We explain that the current high investor demand for AIM shares and the resulting flood of new issues is helping to drive up listing costs as it creates increased demand on the limited number of brokers available to work on an IPO. There were 76 IPOs in the year to March 31 2014, compared to just 44 in the previous year.

This increase in IPO activity is partly being driven by private equity companies that develop many medium sized businesses with a view to floating them, deciding that now is a good time to exit as investor interest heats up. AIM has been largely closed to IPOs for the last five years, with businesses deterred by the changeable market conditions and negative sentiment from investors during the financial crisis.

We explain that the increasing buoyancy of the market and the success of recent flotations is encouraging a growing number of businesses to raise new money through IPOs.

Laurence Sacker, Partner says: “Broker fees are being boosted by the rush in new IPOs coming onto AIM as many companies look to capitalise on renewed investor demand by raising funds.”

“The resurgence of private equity backed IPOs is now helping to restore confidence in the market and encourage a flurry of interest in listings on AIM from other companies.”

“The revival of appetite for AIM IPOs has been some time in coming, and businesses are focused on seizing the opportunity to get the right valuation for their companies, and if they need to pay slightly higher professional fees to get the float through soon, it is a cost they are prepared to swallow.”

Some of the most recent entrants to AIM include Boohoo, the online fashion retailer, and A.O.com, the online electricals retailer, which raised around £300m and £60m respectively.

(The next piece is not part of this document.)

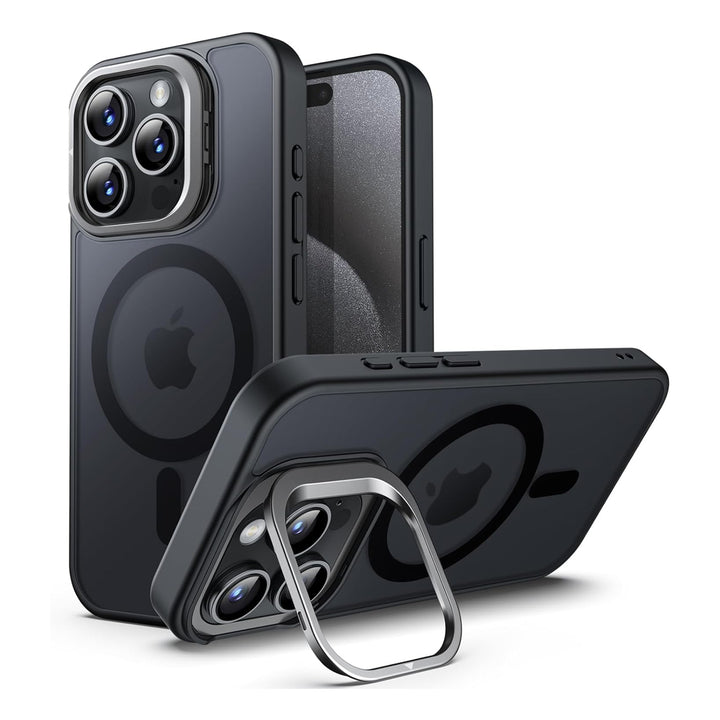 Stand Case For iPhone 16 Pro Translucent Frosted Matte Back Cover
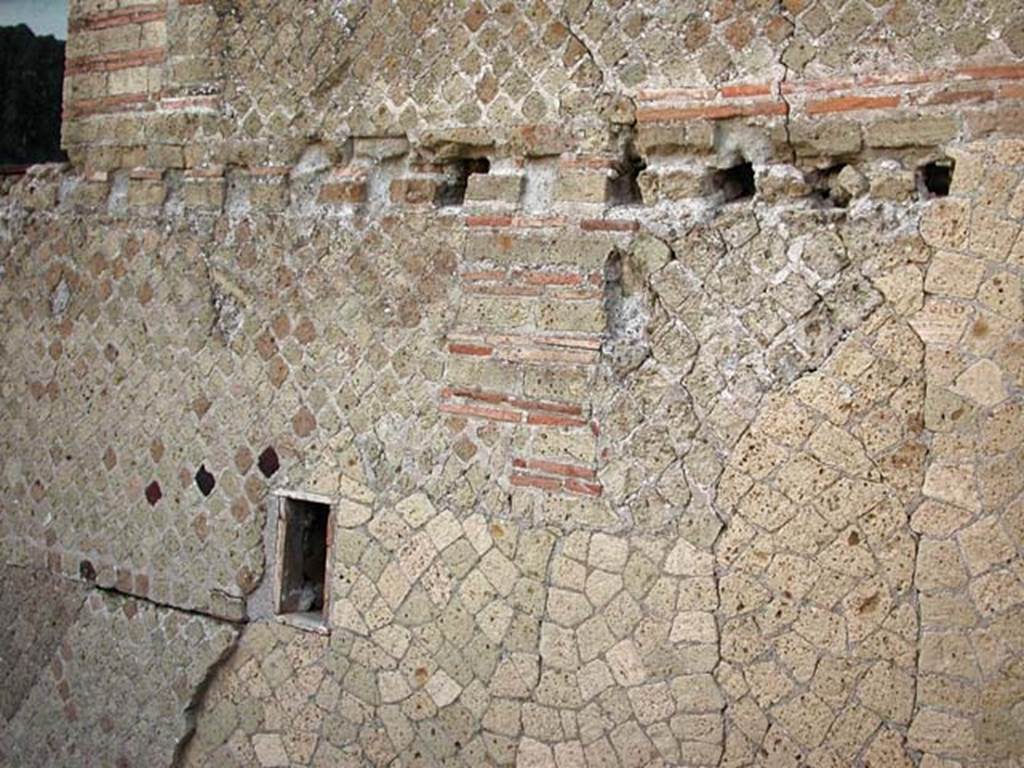 V.7, Herculaneum. September 2003. Atrium, detail of upper north wall. Photo courtesy of Nicolas Monteix.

We add that a number of companies that listed on AIM in the last year only raised a small amount of capital on their initial listing. This means that the high professional costs paid towards their listing relative to money raised will also be a contributing factor in driving up the total cost of listing on AIM.

However, Laurence explains: “The capacity to raise funds multiple times on AIM is especially attractive for many companies and is part of what made AIM so successful when other growth markets failed. A company that raises a small amount of money on its first listing usually expects to go back to the market again and offset its listing costs still further by raising more capital.”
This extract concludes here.